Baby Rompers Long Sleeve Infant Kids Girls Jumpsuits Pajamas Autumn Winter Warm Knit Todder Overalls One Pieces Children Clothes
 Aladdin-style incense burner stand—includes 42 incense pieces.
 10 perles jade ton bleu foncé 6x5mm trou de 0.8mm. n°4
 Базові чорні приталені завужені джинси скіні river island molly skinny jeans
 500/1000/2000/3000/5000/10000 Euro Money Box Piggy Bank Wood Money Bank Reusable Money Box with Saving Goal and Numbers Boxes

» **WHAT TO DO**
Which lines run from the one containing "10 perles jade" through the end of the material? Output them exactly.

» **TASK OUTPUT**
 10 perles jade ton bleu foncé 6x5mm trou de 0.8mm. n°4
 Базові чорні приталені завужені джинси скіні river island molly skinny jeans
 500/1000/2000/3000/5000/10000 Euro Money Box Piggy Bank Wood Money Bank Reusable Money Box with Saving Goal and Numbers Boxes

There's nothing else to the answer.